Joshua A Fruhlinger

Reflection Connection Expectation

Time is a nuisance: on time warps and stress

Time is a nuisance on Sundays.  On a day when we are told to take our time, we obsess over the clock, check how much more time off we have, focus more on using our time off than actually relaxing into that time.  In those moments when we actually flow into an event and use up a good chunk of time – a movie, brunch with friends, a good book – we finish that event regretting the time we wasted whether we enjoyed the time warp or not.  In fact, we would probably do almost anything to get that time back, rationalizing that we could have read that book on the subway and the Eggs Benedict was overpriced anyway.

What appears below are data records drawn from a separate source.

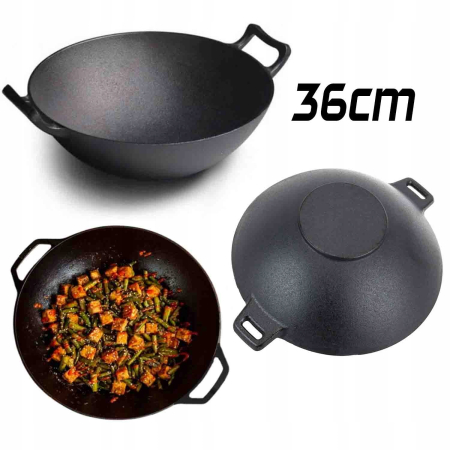 PATELNIA WOK ŻELIWNA Głęboka 36 cm Duża na Indukcję Kuchenkę i Ognisko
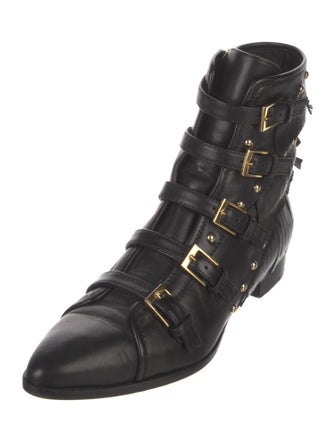 Giuseppe Zanotti Leather Studded Accents Combat Boots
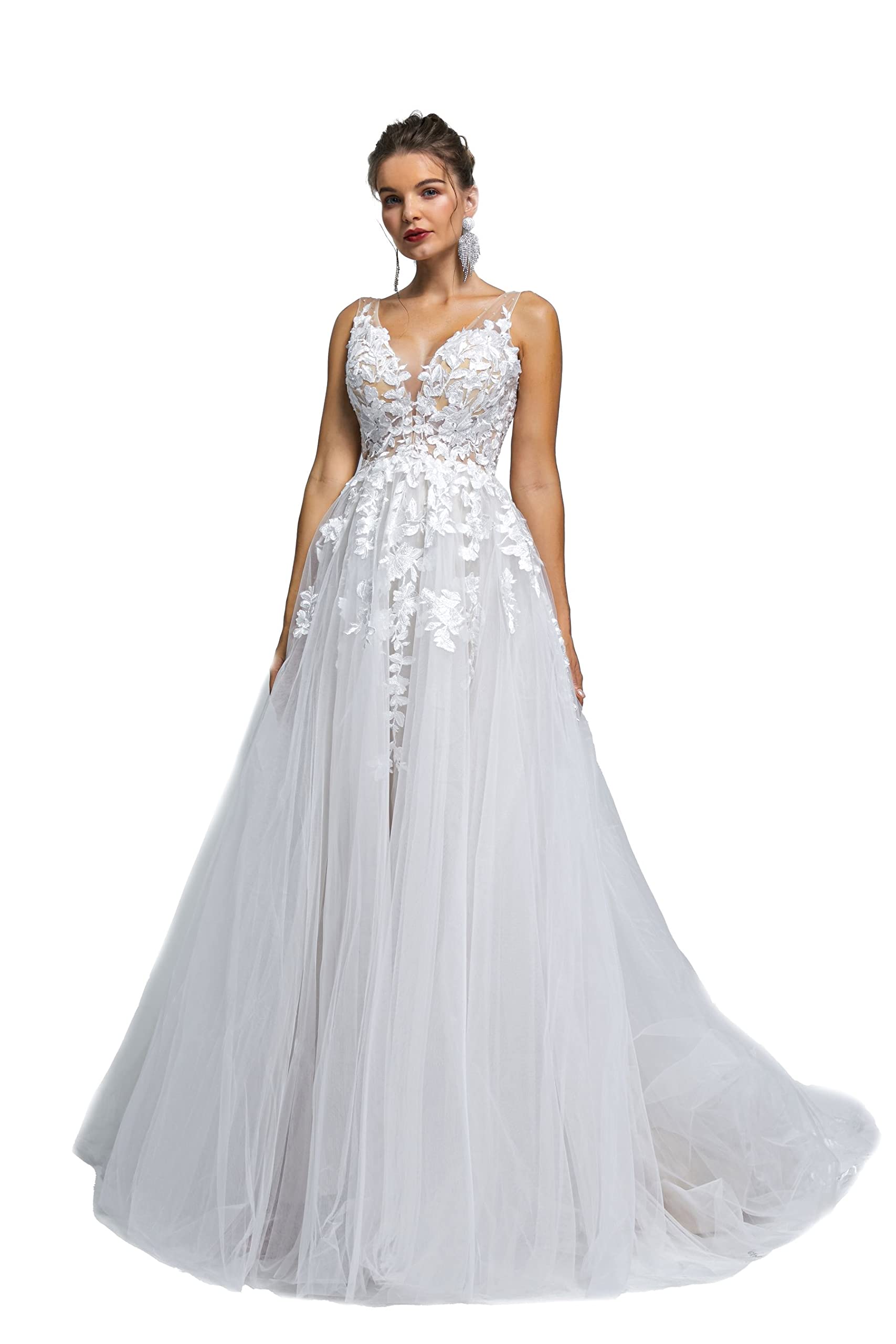Spaghetti Chiffon Beach Wedding Dress V Neck A line Bridal Gowns Lace Plus Size Wedding Dress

And then there are the things we always tell ourselves we’ll get to when we have time off like this.  Unwatched documentaries, books unread, games to finish: they taunt us on the last day of a holiday like the half-eaten turkey drying out in the fridge.  Some of us finished those things, and we regret not having something new to look forward to, so we immediately go and buy something for the next moment we need to time warp.  Others didn’t get to them at all, instead choosing to do even less productive things like drink with friends or watch marathons of television — and then we judge ourselves for choosing such a dark path.  Still others spend the time traveling and come home even more tense than we left, returning to work in desperate need of more free time.

Or we come up with things on which we need to “catch up.”  Best of the lot: catching up on sleep.  So we literally time warp, sleeping away the time off, slipping into a deep laziness that feels both delicious and scandalous, like some secret we dare not discuss on Monday.

Stressing about relaxing is a chore.  ”Gotta go get some rest.”